(Dataset excerpts Opens)
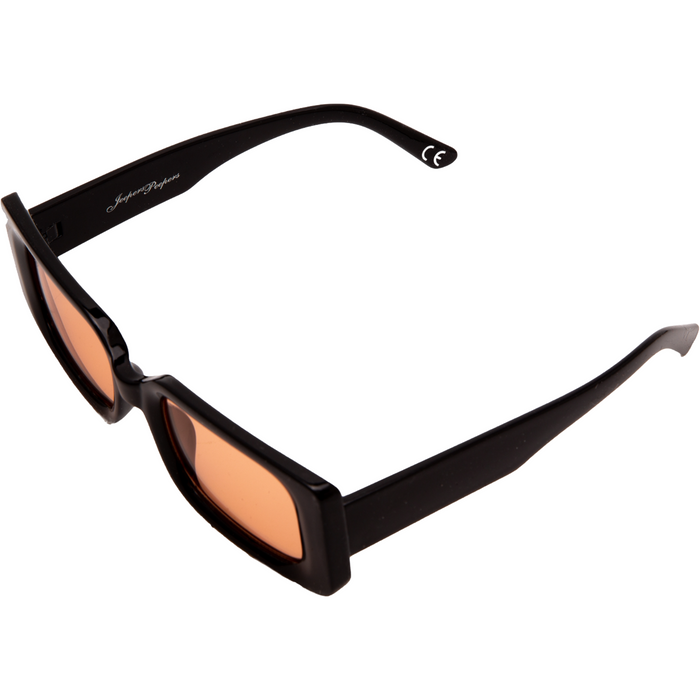CHUNKY RECTANGLE FRAMES WITH ORANGE LENSES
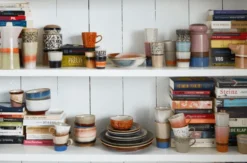 HKliving 70's Ceramics Ristretto Mugs | Aurora | Set of 4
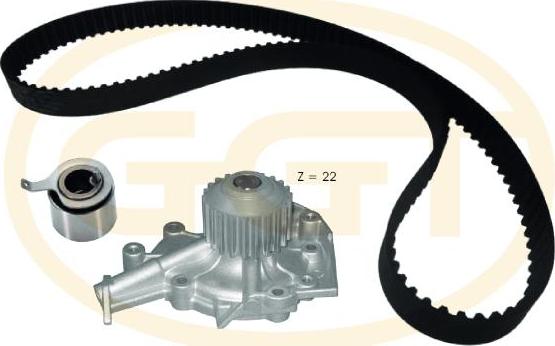 GGT KPA20187 - Ūdenssūknis + Zobsiksnas komplekts autodraugiem.lv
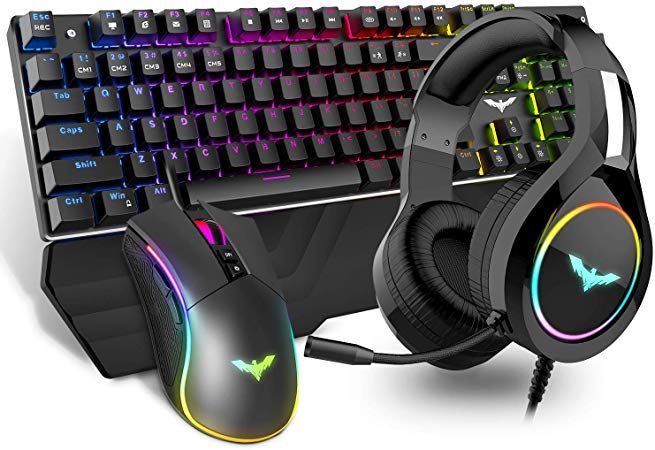 Keyboard gaming, mouse, dan headset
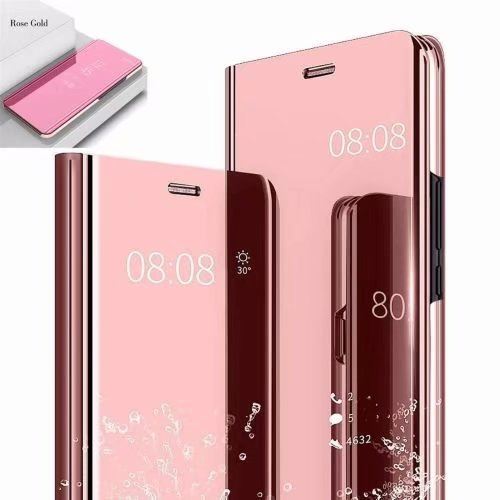 Coque pour SAMSUNG GALAXY A41 Folio Clear Miroir Rose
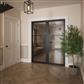 SEATTLE 3 LITE CLEAR GLASS BLACK PRIMED DOOR 80x32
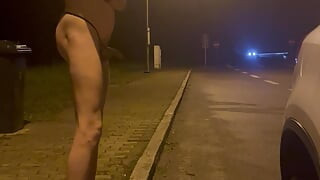 Naked on the road Tannengarten parking lot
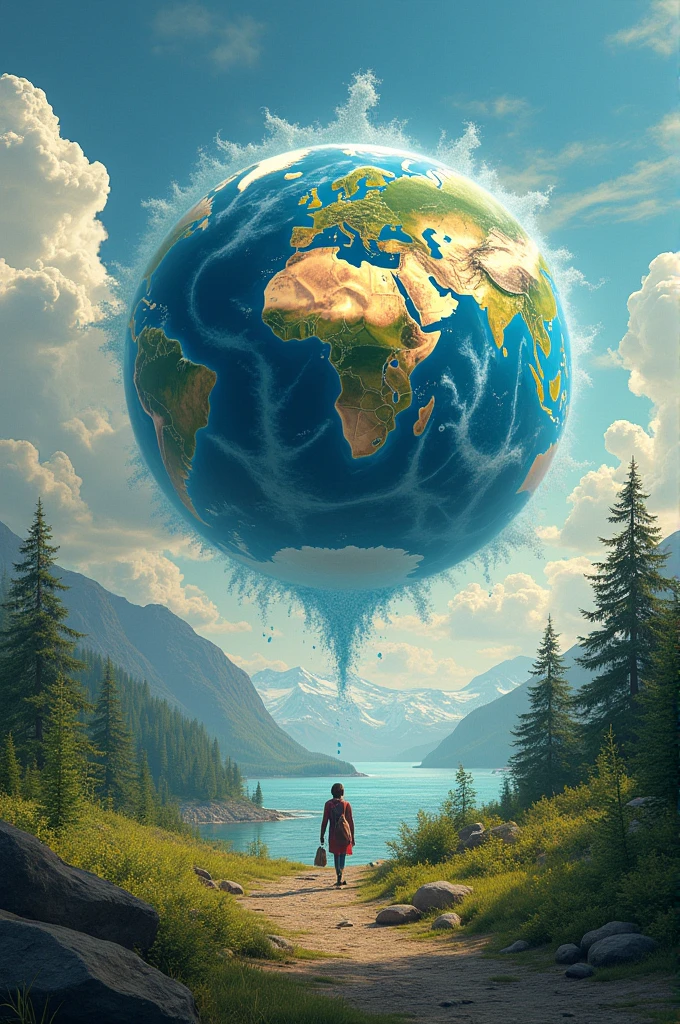 Draw about how global warming start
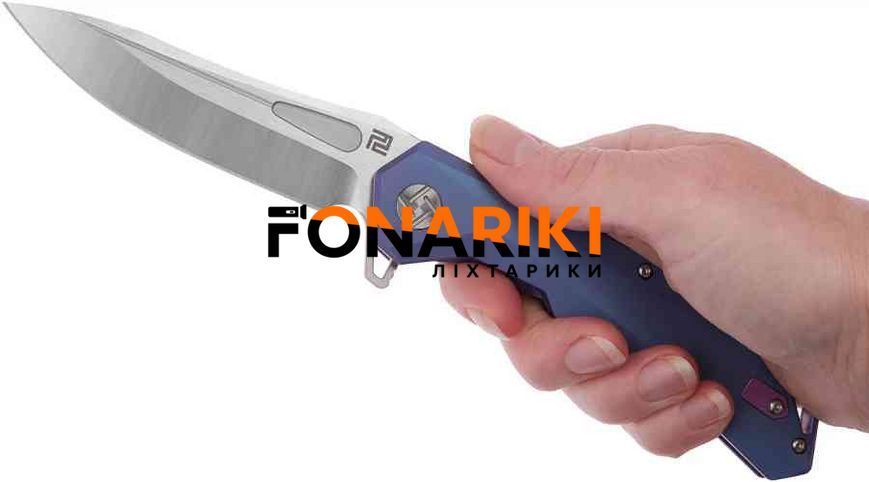 Ніж Artisan Zumwalt M390 Titanium Blue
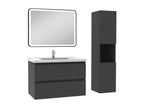 80cm Bathroom Vanity Unit with Mirror Column, 3 Colors, Anthracite TOBH90075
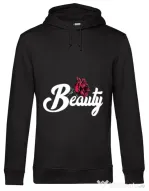Hoodie barbat cu gluga Beauty Negru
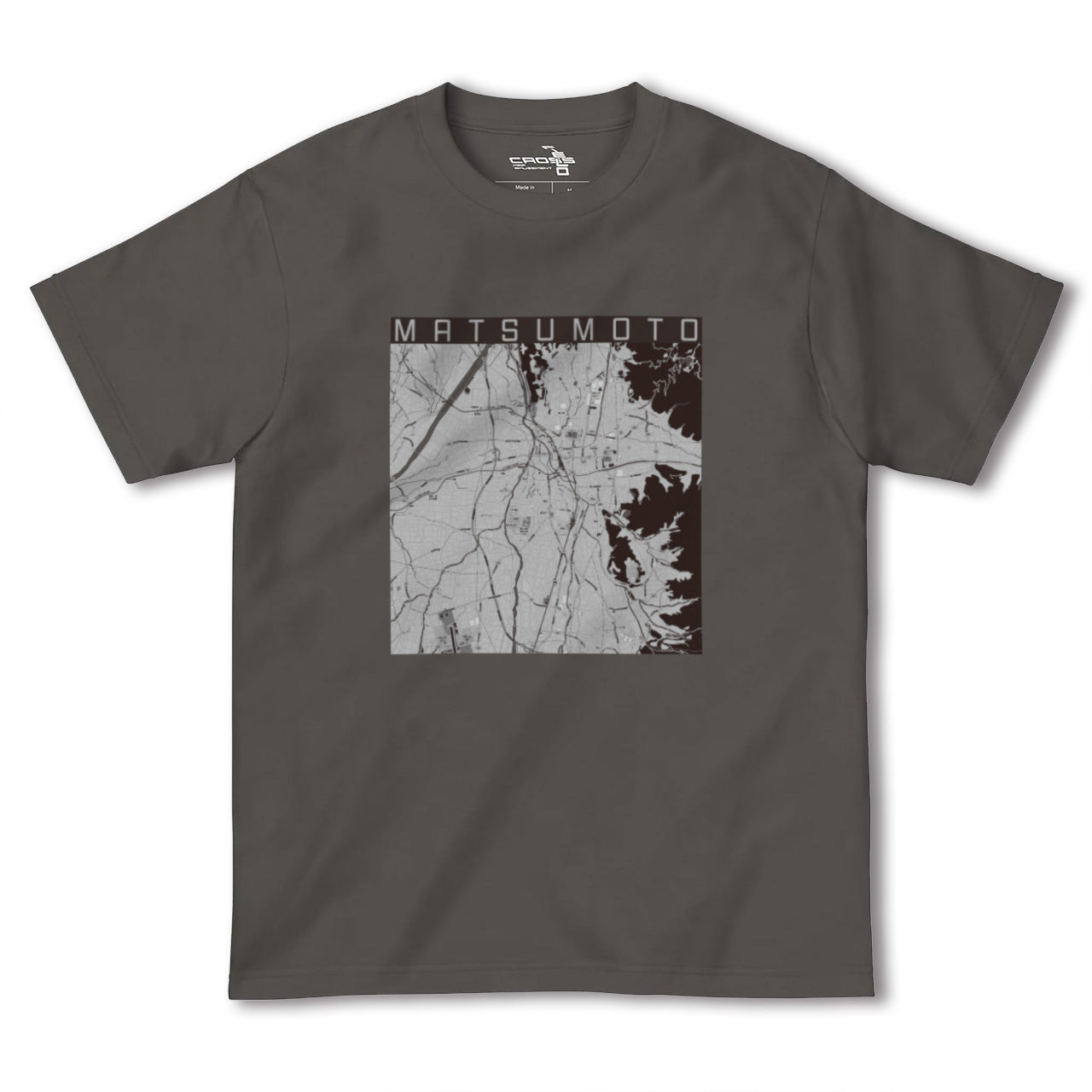 【松本(長野県)】地図柄ヘビーウェイトTシャツ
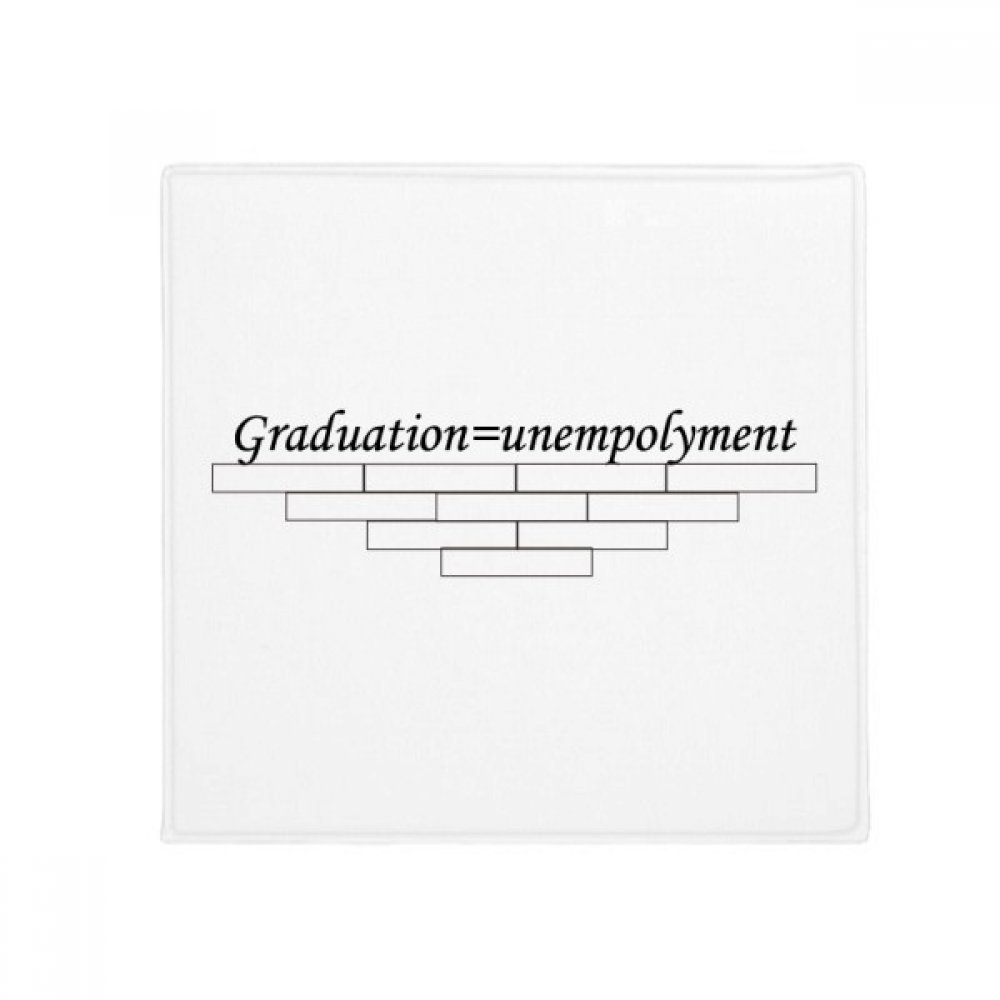 Tapis antidérapant humour diplômé cadeau original de fin d'études 50x50cm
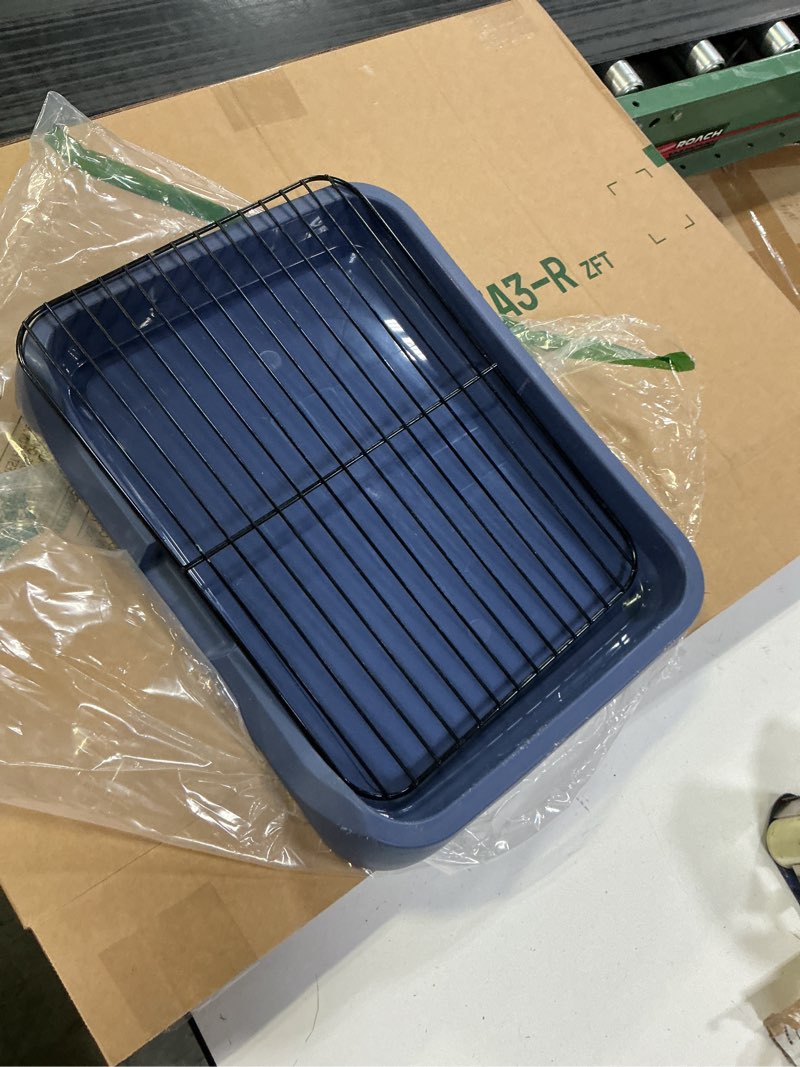 Condition photo showing Good Condition for Dog Potty Tray Removable Indoor Training Toilet Portable Puppy Pad Holder Mesh Design Hygienic for Small and Medium Dogs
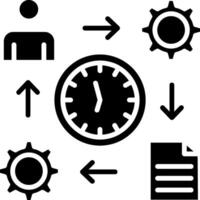 Process Glyph Icon vector
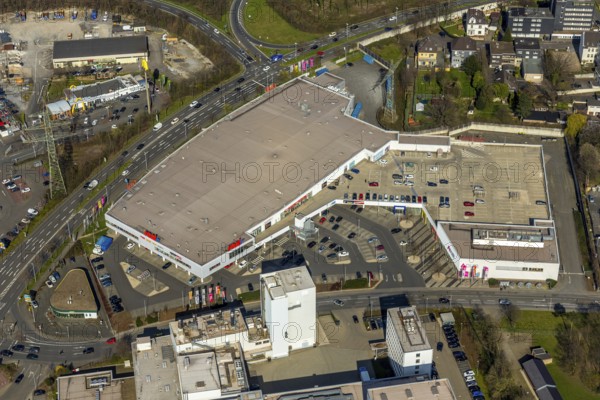 Aerial photo, real, commercial, area, Dümpten, Mülheim an der Ruhr, Ruhr area, North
(Dataset excerpts Closes)
## What needs to be done
With the pictures omitted, the entries are to be transcribed in full, exactly as they appear.

## Task response
CHUNKY RECTANGLE FRAMES WITH ORANGE LENSES
 HKliving 70's Ceramics Ristretto Mugs | Aurora | Set of 4
 GGT KPA20187 - Ūdenssūknis + Zobsiksnas komplekts autodraugiem.lv
 Keyboard gaming, mouse, dan headset
 Coque pour SAMSUNG GALAXY A41 Folio Clear Miroir Rose
 SEATTLE 3 LITE CLEAR GLASS BLACK PRIMED DOOR 80x32
 Naked on the road Tannengarten parking lot
 Draw about how global warming start
 Ніж Artisan Zumwalt M390 Titanium Blue
 80cm Bathroom Vanity Unit with Mirror Column, 3 Colors, Anthracite TOBH90075
Hoodie barbat cu gluga Beauty Negru
 【松本(長野県)】地図柄ヘビーウェイトTシャツ
 Tapis antidérapant humour diplômé cadeau original de fin d'études 50x50cm
 Condition photo showing Good Condition for Dog Potty Tray Removable Indoor Training Toilet Portable Puppy Pad Holder Mesh Design Hygienic for Small and Medium Dogs
 Process Glyph Icon vector
 Aerial photo, real, commercial, area, Dümpten, Mülheim an der Ruhr, Ruhr area, North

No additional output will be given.